> [WORK TO COMPLETE]: After finding the line that contains "اتاق لوکس, Lake View Resort" in the entries below, retype it and every following line precisely, the last included.

ENTRIES SHOWN START

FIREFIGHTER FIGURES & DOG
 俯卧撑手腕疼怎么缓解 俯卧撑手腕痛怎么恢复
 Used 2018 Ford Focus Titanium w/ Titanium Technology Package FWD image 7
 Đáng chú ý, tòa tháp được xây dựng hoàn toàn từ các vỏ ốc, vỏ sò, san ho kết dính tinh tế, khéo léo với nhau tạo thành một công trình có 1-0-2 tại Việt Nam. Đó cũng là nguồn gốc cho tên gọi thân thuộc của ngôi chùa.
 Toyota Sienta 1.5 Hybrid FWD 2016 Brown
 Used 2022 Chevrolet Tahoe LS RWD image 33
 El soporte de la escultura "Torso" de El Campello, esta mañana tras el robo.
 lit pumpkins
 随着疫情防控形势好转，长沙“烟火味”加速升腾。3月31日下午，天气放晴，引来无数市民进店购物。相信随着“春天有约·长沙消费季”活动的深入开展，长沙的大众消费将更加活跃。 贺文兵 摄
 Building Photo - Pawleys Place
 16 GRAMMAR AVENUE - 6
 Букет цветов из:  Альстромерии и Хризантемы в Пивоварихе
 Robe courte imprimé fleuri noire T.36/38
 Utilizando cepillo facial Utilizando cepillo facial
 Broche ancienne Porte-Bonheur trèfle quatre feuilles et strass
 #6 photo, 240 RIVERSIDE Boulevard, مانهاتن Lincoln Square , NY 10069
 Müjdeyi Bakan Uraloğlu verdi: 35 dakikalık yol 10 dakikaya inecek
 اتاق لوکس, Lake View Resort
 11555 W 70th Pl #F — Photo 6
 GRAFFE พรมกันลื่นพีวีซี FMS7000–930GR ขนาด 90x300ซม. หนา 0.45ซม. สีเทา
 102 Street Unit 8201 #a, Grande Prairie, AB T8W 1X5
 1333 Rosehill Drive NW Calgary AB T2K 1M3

ENTRIES SHOWN END

> [ANSWER BOX]:
 اتاق لوکس, Lake View Resort
 11555 W 70th Pl #F — Photo 6
 GRAFFE พรมกันลื่นพีวีซี FMS7000–930GR ขนาด 90x300ซม. หนา 0.45ซม. สีเทา
 102 Street Unit 8201 #a, Grande Prairie, AB T8W 1X5
 1333 Rosehill Drive NW Calgary AB T2K 1M3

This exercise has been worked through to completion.